2. Een belangrijk uitgangspunt bij de NBV is: brontaalgetrouw en doeltaalgericht. Aan de ene kant probeert men een getrouwe weergave te bieden van wat het oorspronkelijke tekst bedoelt te zeggen. Anderzijds streeft men ernaar om dit te doen in het Nederlands van deze tijd, wat overigens nog iets anders is dan simpel Nederlands. Een Hebreeuwse uitdrukking wordt dan niet letterlijk weergegeven maar met een vergelijkbare Nederlandse uitdrukking. Om een enkel voorbeeld te noemen uit het boek Amos Daarom heb Ik ulieden ook reinheid van tanden gegeven (SV) wordt in de NBV: Ik was het die jullie honger deed lijden (4:6). Als Paulus in zijn brieven de gemeente aanspreekt met: broeders (SV) wordt dat in de NBV: broeders en zusters. Hieruit wordt duidelijk dat in de NBV men zich duidelijk meer vrijheid veroorlooft dan in de SV het geval was. Die vrijheid komt de verstaanbaarheid ten goede maar verwijdert zich wel meer van de letterlijke tekst van in de grondtaal. Dat stuit op verzet. Wordt er toch niet te vrij vertaald?
3. In de NBV is de Godsnaam JHWH (Jahweh) vertaalt met HEER, terwijl binnen de gereformeerde gezindte een grote gehechtheid is aan de naam HEERE. Deze naam heeft onder ons een zeer vertrouwde klank gekregen en het zal gevoelsmatig (!) veel weerstand oproepen om van deze naam afstand te doen. Overigens moeten we wel eerlijk zijn dat het hier vooral om een gevoelsmatig argument gaat! In onze Psalmberijming hebben we er veel minder problemen mee. Dan zingen we zonder probleem: ’t is de HEER, wiens alvermogen, ’t groot heelal heeft grootgebracht... Het gaat hier trouwens ook om een typisch Nederlands probleem. In het Engels (Lord) en Duits (Herr) speelt dit uiteraard niet. Maar menigeen in reformatorische kring zal er toch gevoelsmatig moeite houden en maken dat de NBV er moeilijk ingang krijgt.

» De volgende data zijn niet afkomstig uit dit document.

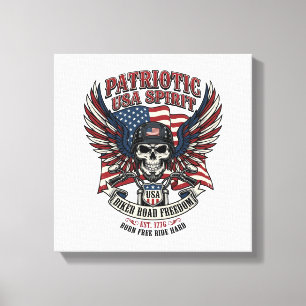 Patriotisk Motorcykel Skalle MC Frihet Patriot A Canvastryck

4. Belangrijke kernbegrippen uit de geloofsleer zul je in de NBV minder aantreffen. Een begrip als bekering wordt in de NBV nogal eens omschreven en dan niet altijd op dezelfde wijze. Zo wordt het nogal eens weergegeven met een nieuw leven beginnen. Je kunt je afvragen dat dit wel zo’n gelukkige omschrijving is. Er zouden meer voorbeelden te noemen zijn. Daarom werd in het Reformatorisch Dagblad al de vrees geuit dat deze vertaling wel eens zou kunnen meewerken aan geestelijke analfabetisme. Dat is natuurlijk de opzet niet maar zou een onbedoeld neveneffect kunnen zijn. Andere bekende Bijbelse begrippen als welbehagen, barmhartigheid, ontferming, goedertierenheid worden anders weergegeven. Nogal eens op een wijze waardoor toch wel een deel van de zeggingskracht van deze woorden verloren gaat. Uiteraard stuit ook dit op nogal wat bezwaren.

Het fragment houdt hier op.